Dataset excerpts

■ ■ ■ ■ ■ ■ ■

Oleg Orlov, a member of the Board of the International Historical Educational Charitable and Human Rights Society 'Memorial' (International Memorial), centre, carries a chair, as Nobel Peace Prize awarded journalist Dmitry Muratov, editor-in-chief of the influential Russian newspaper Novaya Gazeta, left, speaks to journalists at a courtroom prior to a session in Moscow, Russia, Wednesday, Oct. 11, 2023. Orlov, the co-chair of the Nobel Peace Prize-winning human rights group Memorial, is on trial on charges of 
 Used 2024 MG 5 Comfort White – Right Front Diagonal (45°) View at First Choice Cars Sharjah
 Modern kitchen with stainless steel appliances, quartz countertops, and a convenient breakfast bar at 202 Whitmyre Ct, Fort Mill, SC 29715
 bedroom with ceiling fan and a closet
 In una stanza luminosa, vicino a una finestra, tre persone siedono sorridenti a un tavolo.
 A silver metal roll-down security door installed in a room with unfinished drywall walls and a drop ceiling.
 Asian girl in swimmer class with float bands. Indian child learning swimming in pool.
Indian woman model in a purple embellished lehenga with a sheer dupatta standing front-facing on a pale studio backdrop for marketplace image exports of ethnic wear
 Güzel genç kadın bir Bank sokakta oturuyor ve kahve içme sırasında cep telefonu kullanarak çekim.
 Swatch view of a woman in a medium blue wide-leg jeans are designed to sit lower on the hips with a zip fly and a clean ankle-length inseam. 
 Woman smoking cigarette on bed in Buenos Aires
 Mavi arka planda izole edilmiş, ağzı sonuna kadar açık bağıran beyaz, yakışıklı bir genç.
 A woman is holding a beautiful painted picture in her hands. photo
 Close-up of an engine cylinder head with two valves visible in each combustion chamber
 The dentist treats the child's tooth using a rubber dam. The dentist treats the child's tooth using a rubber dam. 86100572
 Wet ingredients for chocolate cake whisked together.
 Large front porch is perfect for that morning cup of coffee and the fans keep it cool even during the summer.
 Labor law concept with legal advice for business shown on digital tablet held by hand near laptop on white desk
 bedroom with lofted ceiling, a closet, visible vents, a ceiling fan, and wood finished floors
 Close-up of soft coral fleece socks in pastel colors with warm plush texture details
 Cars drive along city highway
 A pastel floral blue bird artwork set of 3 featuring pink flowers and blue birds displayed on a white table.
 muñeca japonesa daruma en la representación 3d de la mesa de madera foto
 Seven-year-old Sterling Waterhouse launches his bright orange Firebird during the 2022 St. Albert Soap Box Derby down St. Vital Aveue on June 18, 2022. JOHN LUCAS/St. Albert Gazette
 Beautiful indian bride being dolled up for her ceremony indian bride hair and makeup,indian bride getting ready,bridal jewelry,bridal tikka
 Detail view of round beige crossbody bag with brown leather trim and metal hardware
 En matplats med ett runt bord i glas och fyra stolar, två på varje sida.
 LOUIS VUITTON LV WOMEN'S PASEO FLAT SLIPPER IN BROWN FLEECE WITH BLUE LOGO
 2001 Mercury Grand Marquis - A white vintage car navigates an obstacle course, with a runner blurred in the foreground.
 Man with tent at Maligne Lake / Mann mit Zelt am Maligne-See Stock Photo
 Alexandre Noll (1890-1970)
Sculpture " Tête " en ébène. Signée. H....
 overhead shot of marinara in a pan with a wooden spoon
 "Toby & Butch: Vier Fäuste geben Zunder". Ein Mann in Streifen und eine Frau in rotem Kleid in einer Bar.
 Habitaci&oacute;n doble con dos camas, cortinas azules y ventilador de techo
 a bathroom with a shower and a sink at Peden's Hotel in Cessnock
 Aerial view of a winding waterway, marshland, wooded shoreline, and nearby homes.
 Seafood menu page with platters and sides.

■ ■ ■ ■ ■ ■ ■

### Task
The task calls for each record to be returned verbatim.

### Output below
Oleg Orlov, a member of the Board of the International Historical Educational Charitable and Human Rights Society 'Memorial' (International Memorial), centre, carries a chair, as Nobel Peace Prize awarded journalist Dmitry Muratov, editor-in-chief of the influential Russian newspaper Novaya Gazeta, left, speaks to journalists at a courtroom prior to a session in Moscow, Russia, Wednesday, Oct. 11, 2023. Orlov, the co-chair of the Nobel Peace Prize-winning human rights group Memorial, is on trial on charges of 
 Used 2024 MG 5 Comfort White – Right Front Diagonal (45°) View at First Choice Cars Sharjah
 Modern kitchen with stainless steel appliances, quartz countertops, and a convenient breakfast bar at 202 Whitmyre Ct, Fort Mill, SC 29715
 bedroom with ceiling fan and a closet
 In una stanza luminosa, vicino a una finestra, tre persone siedono sorridenti a un tavolo.
 A silver metal roll-down security door installed in a room with unfinished drywall walls and a drop ceiling.
 Asian girl in swimmer class with float bands. Indian child learning swimming in pool.
Indian woman model in a purple embellished lehenga with a sheer dupatta standing front-facing on a pale studio backdrop for marketplace image exports of ethnic wear
 Güzel genç kadın bir Bank sokakta oturuyor ve kahve içme sırasında cep telefonu kullanarak çekim.
 Swatch view of a woman in a medium blue wide-leg jeans are designed to sit lower on the hips with a zip fly and a clean ankle-length inseam. 
 Woman smoking cigarette on bed in Buenos Aires
 Mavi arka planda izole edilmiş, ağzı sonuna kadar açık bağıran beyaz, yakışıklı bir genç.
 A woman is holding a beautiful painted picture in her hands. photo
 Close-up of an engine cylinder head with two valves visible in each combustion chamber
 The dentist treats the child's tooth using a rubber dam. The dentist treats the child's tooth using a rubber dam. 86100572
 Wet ingredients for chocolate cake whisked together.
 Large front porch is perfect for that morning cup of coffee and the fans keep it cool even during the summer.
 Labor law concept with legal advice for business shown on digital tablet held by hand near laptop on white desk
 bedroom with lofted ceiling, a closet, visible vents, a ceiling fan, and wood finished floors
 Close-up of soft coral fleece socks in pastel colors with warm plush texture details
 Cars drive along city highway
 A pastel floral blue bird artwork set of 3 featuring pink flowers and blue birds displayed on a white table.
 muñeca japonesa daruma en la representación 3d de la mesa de madera foto
 Seven-year-old Sterling Waterhouse launches his bright orange Firebird during the 2022 St. Albert Soap Box Derby down St. Vital Aveue on June 18, 2022. JOHN LUCAS/St. Albert Gazette
 Beautiful indian bride being dolled up for her ceremony indian bride hair and makeup,indian bride getting ready,bridal jewelry,bridal tikka
 Detail view of round beige crossbody bag with brown leather trim and metal hardware
 En matplats med ett runt bord i glas och fyra stolar, två på varje sida.
 LOUIS VUITTON LV WOMEN'S PASEO FLAT SLIPPER IN BROWN FLEECE WITH BLUE LOGO
 2001 Mercury Grand Marquis - A white vintage car navigates an obstacle course, with a runner blurred in the foreground.
 Man with tent at Maligne Lake / Mann mit Zelt am Maligne-See Stock Photo
 Alexandre Noll (1890-1970)
Sculpture " Tête " en ébène. Signée. H....
 overhead shot of marinara in a pan with a wooden spoon
 "Toby & Butch: Vier Fäuste geben Zunder". Ein Mann in Streifen und eine Frau in rotem Kleid in einer Bar.
 Habitaci&oacute;n doble con dos camas, cortinas azules y ventilador de techo
 a bathroom with a shower and a sink at Peden's Hotel in Cessnock
 Aerial view of a winding waterway, marshland, wooded shoreline, and nearby homes.
 Seafood menu page with platters and sides.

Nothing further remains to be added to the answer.